Below are the records; copy out every line that holds the word "Outdoor".

■ **TASK MATERIAL**
-------
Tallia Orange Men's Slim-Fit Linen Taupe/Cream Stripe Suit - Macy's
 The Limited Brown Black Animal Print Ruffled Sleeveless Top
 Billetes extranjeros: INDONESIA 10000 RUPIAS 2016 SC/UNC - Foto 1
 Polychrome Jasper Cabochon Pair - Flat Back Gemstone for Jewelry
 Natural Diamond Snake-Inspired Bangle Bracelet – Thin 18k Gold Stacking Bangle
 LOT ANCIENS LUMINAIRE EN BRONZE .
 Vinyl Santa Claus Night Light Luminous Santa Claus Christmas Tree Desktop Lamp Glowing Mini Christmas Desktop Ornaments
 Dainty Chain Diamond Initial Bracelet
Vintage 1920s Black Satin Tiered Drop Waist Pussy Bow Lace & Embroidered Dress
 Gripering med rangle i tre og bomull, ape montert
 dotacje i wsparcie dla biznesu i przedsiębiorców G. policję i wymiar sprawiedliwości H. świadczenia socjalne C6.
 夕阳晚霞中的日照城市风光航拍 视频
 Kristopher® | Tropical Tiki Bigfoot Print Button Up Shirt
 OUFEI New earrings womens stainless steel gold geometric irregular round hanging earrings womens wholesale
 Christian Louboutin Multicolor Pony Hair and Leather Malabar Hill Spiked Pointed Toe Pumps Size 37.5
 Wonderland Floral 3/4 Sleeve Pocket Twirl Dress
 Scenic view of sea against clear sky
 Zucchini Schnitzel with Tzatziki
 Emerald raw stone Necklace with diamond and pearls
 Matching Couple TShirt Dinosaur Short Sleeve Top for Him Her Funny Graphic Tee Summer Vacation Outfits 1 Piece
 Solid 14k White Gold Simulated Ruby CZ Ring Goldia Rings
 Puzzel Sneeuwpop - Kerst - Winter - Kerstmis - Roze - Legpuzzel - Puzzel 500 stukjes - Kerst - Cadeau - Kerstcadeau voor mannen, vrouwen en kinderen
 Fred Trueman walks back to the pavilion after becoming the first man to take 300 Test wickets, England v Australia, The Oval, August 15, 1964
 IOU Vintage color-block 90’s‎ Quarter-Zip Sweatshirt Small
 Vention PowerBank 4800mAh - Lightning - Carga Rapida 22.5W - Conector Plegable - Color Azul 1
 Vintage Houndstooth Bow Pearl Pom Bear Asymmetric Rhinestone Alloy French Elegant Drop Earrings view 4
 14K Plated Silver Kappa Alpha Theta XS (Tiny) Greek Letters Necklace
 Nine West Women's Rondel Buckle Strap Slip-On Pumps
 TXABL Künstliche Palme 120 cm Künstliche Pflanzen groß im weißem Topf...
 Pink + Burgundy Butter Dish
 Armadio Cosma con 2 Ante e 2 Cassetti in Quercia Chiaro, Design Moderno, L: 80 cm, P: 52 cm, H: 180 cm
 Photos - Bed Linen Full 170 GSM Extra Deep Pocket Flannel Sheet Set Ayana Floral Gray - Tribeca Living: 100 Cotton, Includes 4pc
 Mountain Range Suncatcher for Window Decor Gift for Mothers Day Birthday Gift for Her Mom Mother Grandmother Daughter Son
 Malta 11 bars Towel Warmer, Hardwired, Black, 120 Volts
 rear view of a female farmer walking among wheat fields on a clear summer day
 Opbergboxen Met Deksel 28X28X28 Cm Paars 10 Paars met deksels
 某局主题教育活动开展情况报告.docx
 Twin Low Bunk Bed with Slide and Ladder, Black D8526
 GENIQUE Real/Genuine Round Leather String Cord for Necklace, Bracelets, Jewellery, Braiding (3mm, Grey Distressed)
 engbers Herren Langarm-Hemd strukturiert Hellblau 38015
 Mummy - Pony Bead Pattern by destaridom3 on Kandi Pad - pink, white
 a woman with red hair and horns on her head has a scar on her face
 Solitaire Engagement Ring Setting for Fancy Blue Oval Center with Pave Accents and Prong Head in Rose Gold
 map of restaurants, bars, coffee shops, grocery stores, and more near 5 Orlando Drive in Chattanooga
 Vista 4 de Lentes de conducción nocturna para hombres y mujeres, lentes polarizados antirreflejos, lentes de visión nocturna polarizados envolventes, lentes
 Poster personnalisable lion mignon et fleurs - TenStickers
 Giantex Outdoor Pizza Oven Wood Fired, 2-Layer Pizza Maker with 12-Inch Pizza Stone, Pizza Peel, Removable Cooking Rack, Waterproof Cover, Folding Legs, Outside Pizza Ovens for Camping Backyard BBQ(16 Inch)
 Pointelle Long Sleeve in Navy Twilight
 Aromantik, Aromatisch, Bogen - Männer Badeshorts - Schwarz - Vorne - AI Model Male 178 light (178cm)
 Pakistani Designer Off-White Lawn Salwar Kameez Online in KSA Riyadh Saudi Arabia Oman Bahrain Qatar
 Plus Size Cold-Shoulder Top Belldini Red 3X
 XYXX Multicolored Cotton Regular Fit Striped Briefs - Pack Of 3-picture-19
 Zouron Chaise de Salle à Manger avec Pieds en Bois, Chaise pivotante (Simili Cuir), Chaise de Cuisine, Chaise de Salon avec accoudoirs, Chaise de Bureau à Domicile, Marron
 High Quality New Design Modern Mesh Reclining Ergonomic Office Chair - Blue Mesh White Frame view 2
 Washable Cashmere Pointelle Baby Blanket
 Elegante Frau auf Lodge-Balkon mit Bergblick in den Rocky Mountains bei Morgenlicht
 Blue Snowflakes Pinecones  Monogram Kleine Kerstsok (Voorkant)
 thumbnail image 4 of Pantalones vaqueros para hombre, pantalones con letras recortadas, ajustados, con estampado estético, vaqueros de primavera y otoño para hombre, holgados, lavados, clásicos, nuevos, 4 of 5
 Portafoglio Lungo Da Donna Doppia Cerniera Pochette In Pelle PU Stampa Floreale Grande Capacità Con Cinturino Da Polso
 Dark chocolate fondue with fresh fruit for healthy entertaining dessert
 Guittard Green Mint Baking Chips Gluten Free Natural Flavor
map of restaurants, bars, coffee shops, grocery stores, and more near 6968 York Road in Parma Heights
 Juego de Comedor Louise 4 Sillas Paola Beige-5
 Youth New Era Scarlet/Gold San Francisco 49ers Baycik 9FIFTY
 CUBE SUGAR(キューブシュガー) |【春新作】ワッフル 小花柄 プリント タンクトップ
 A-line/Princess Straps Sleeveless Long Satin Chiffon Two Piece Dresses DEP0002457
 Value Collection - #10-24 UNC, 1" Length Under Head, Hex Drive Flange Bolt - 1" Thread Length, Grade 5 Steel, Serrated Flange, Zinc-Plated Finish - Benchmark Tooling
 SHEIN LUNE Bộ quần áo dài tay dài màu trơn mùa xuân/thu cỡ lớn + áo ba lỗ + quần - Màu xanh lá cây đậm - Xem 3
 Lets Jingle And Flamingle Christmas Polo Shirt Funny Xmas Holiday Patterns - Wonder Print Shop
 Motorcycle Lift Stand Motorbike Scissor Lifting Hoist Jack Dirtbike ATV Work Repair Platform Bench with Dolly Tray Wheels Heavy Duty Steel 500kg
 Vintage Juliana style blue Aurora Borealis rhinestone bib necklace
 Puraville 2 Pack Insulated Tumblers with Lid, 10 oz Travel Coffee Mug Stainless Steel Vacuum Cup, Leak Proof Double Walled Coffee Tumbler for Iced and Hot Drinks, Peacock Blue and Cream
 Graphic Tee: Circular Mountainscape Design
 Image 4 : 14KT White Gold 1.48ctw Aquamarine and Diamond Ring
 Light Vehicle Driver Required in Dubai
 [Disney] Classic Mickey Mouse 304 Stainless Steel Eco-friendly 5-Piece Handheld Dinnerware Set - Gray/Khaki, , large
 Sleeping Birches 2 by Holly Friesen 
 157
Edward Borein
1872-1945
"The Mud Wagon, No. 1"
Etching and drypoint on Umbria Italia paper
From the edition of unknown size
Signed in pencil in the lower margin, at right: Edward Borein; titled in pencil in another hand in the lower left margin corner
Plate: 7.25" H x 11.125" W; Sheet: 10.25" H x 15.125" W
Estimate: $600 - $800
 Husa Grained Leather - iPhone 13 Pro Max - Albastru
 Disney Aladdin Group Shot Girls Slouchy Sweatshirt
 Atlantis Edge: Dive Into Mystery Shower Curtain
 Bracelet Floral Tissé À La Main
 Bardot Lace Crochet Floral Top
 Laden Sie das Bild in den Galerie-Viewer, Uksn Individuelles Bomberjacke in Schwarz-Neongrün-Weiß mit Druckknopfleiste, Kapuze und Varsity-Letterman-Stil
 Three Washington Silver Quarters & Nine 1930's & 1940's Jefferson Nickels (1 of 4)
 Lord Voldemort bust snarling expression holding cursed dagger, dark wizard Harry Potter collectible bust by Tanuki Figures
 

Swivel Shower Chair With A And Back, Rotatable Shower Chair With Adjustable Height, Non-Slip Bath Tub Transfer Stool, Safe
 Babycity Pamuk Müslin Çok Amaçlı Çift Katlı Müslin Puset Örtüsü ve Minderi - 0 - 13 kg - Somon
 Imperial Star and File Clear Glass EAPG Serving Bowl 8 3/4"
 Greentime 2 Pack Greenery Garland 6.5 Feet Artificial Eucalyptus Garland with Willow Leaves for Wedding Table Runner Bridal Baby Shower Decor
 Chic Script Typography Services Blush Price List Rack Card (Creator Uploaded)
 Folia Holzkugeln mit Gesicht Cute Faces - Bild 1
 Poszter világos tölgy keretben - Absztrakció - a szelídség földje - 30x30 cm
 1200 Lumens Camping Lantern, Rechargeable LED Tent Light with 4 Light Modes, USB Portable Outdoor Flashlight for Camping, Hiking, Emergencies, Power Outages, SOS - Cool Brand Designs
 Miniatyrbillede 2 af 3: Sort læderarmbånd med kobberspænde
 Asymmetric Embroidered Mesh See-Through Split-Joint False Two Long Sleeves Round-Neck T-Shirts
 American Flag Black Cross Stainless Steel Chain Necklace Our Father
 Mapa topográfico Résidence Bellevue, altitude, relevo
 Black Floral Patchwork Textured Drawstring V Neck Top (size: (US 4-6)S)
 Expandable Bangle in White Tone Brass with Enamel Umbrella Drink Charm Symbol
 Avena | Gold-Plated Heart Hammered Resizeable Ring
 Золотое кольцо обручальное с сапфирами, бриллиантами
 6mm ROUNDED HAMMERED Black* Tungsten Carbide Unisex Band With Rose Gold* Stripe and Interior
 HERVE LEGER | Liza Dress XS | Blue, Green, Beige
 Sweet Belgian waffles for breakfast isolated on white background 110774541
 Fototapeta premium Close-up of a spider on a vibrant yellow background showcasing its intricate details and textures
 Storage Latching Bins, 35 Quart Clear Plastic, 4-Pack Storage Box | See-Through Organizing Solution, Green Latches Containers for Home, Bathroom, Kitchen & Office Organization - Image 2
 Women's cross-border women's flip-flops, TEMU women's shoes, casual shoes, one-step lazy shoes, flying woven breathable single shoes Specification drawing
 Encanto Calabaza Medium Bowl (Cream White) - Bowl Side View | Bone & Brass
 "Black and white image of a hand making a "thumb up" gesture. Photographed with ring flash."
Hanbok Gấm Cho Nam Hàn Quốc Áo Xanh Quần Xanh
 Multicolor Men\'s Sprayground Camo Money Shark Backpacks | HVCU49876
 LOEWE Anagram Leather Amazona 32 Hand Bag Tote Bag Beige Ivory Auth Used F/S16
-------
■ **YOUR RESPONSE**
 Giantex Outdoor Pizza Oven Wood Fired, 2-Layer Pizza Maker with 12-Inch Pizza Stone, Pizza Peel, Removable Cooking Rack, Waterproof Cover, Folding Legs, Outside Pizza Ovens for Camping Backyard BBQ(16 Inch)
 1200 Lumens Camping Lantern, Rechargeable LED Tent Light with 4 Light Modes, USB Portable Outdoor Flashlight for Camping, Hiking, Emergencies, Power Outages, SOS - Cool Brand Designs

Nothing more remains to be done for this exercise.